*What the task asks*. Reproduce the records below exactly, leaving out any pictures.

*The records*.
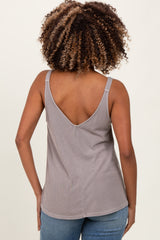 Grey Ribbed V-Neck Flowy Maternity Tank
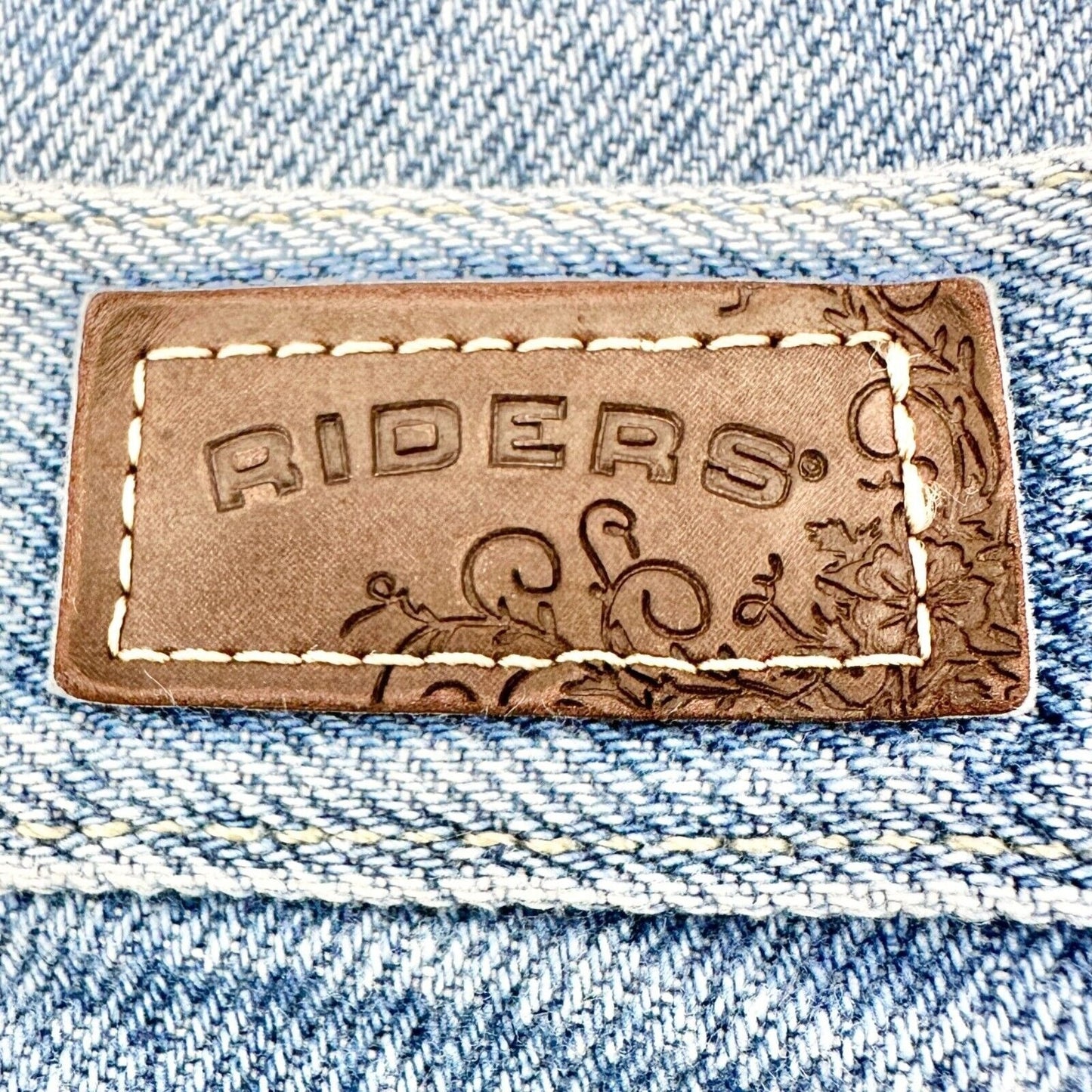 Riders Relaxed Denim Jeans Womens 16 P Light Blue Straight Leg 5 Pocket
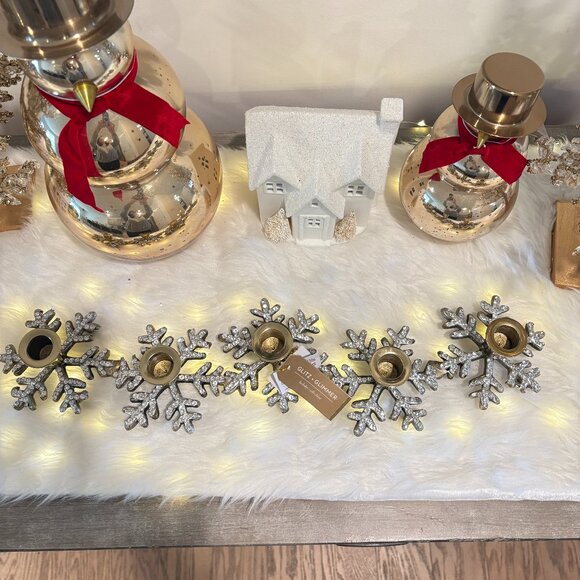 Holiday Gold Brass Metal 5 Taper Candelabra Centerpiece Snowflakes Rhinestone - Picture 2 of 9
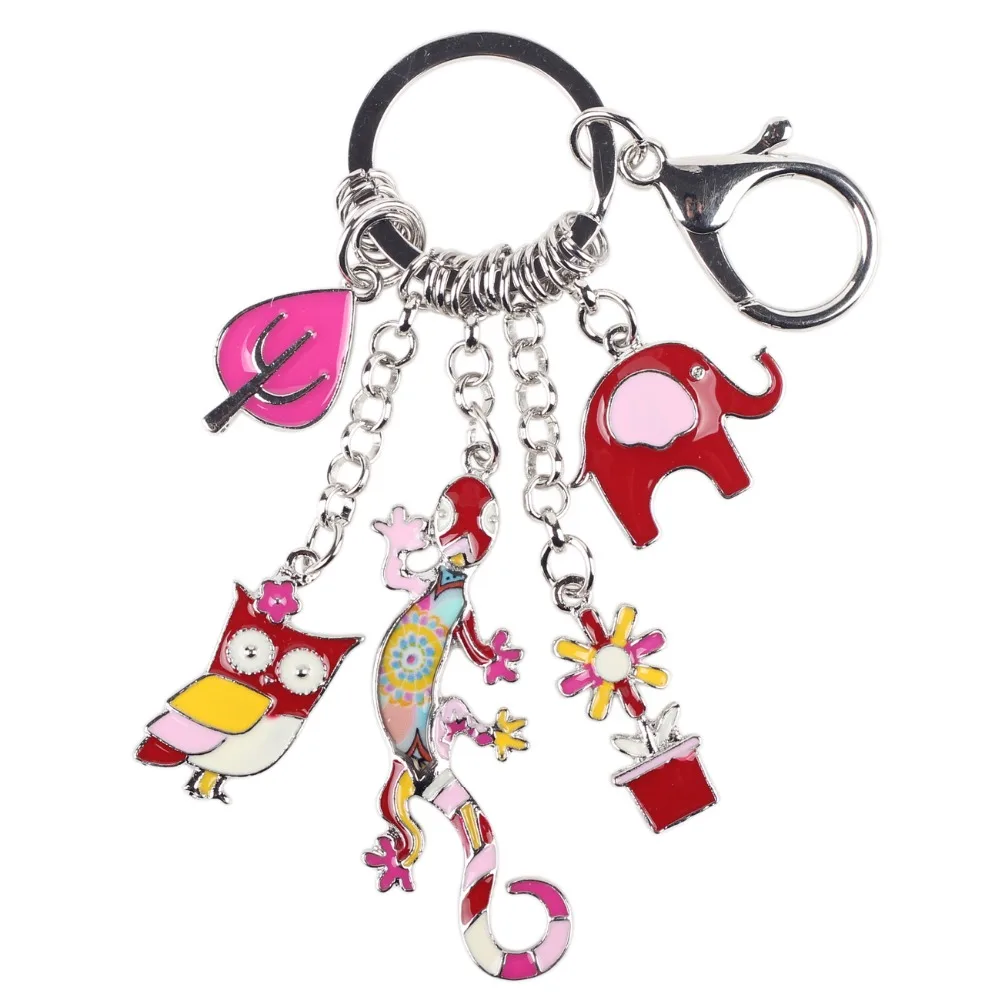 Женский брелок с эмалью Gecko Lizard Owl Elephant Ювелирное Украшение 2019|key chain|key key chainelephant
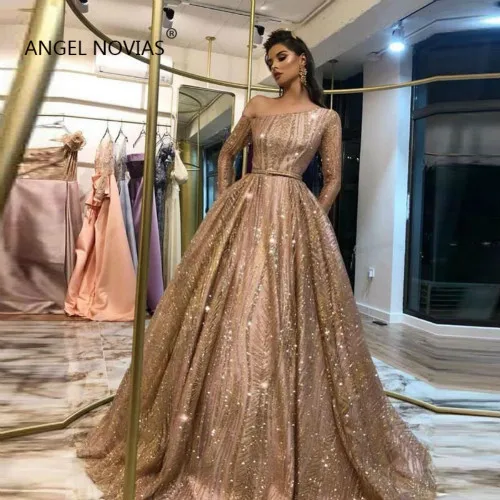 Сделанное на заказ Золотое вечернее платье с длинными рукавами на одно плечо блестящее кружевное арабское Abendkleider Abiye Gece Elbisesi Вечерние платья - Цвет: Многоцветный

*Result of this exercise*.
 Grey Ribbed V-Neck Flowy Maternity Tank
 Riders Relaxed Denim Jeans Womens 16 P Light Blue Straight Leg 5 Pocket
 Holiday Gold Brass Metal 5 Taper Candelabra Centerpiece Snowflakes Rhinestone - Picture 2 of 9
 Женский брелок с эмалью Gecko Lizard Owl Elephant Ювелирное Украшение 2019|key chain|key key chainelephant
 Сделанное на заказ Золотое вечернее платье с длинными рукавами на одно плечо блестящее кружевное арабское Abendkleider Abiye Gece Elbisesi Вечерние платья - Цвет: Многоцветный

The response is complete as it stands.